無脂肪の牛肉を選びたい場合は、白い線を避けることで、脂肪があるかどうかを手動で判断する方法があります。
牛肉を選ぶときは、白い線があまりない肉は避けてください。肉の線が多ければ多いほど、脂肪が含まれます。しかし、今日、ますます現代的な肉包装は、顧客が脂肪の含有量に関する情報を得ることを可能にします。
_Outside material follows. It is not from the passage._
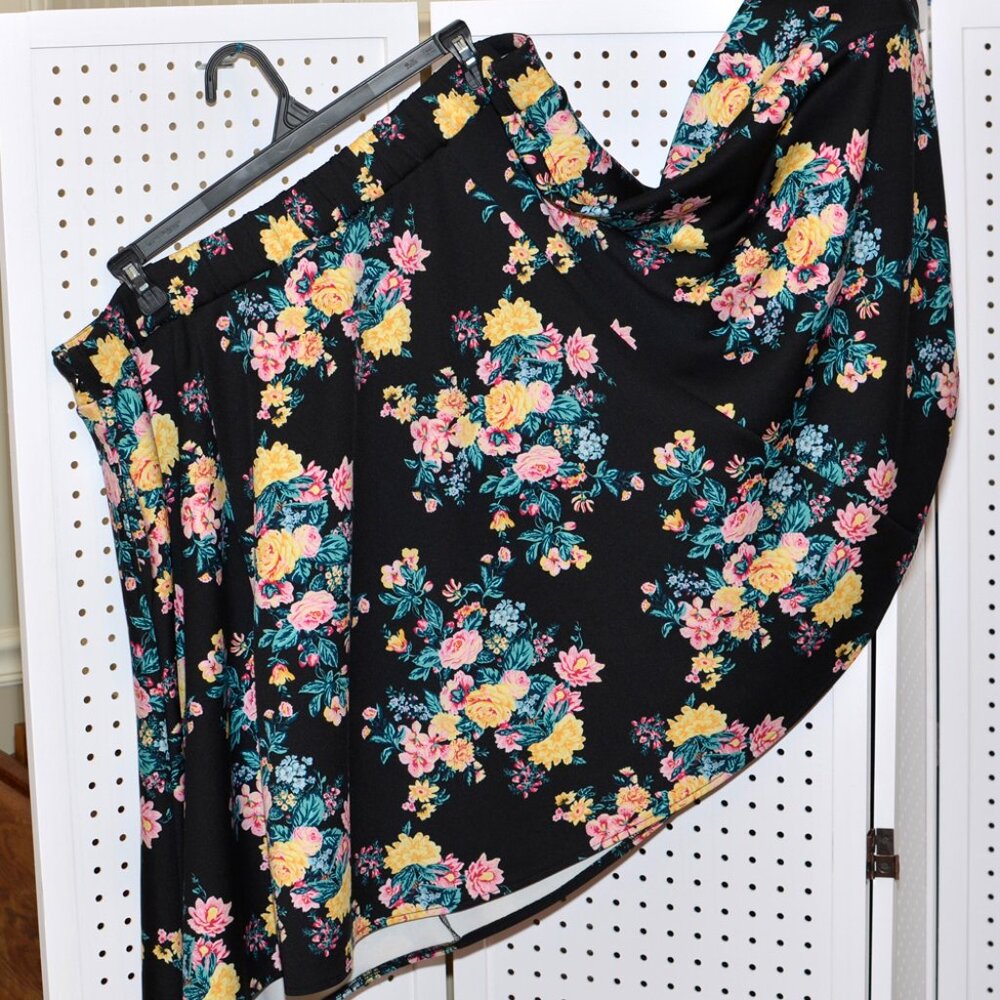 Plus Size 2X Ashley Nell Tipton Vintage Style Floral On Black Midi Skirt - Picture 10 of 12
牛肉の白い線を避けるだけでなく、無脂肪の健康的な牛肉を食べることも、加工方法に注意を払うことによって行うことができます。低脂肪牛肉は、焼く、煮沸する、蒸した、またはふくらはぎの技術で加工することをお勧めします。一方、牛肉の未推奨加工は、カロリー含有量が増加するため、揚げることです。
また、あまりにも長い貯蔵寿命による肉の損傷を避けるために、高品質の牛肉を選ぶ方法にも注意してください。
無脂肪牛肉を選ぶ理由がないわけではありません。一般的に、肉は全体的な体の健康を維持するのに役立ちます。低脂肪牛肉の利点のいくつかは次のとおりです。
牛肉には体が吸収できるいくつかの利点がありますが、1週間以内に消費を制限する必要があります。
牛肉の週に1〜2サービングの摂取制限は約170グラムに制限されています。週に最大85グラムの赤身肉に制限されている心臓病やコレステロの既往歴がある場合、量は少なくなります。
Itulah informasi terkait bagian daging sapi rendah lemak. kunjungi VOI.id untuk mendapatkan informasi menarik lainnya.
The English, Chinese, Japanese, Arabic, and French versions are automatically generated by the AI. So there may still be inaccuracies in translating, please always see Indonesian as our main language. (system supported by DigitalSiber.id)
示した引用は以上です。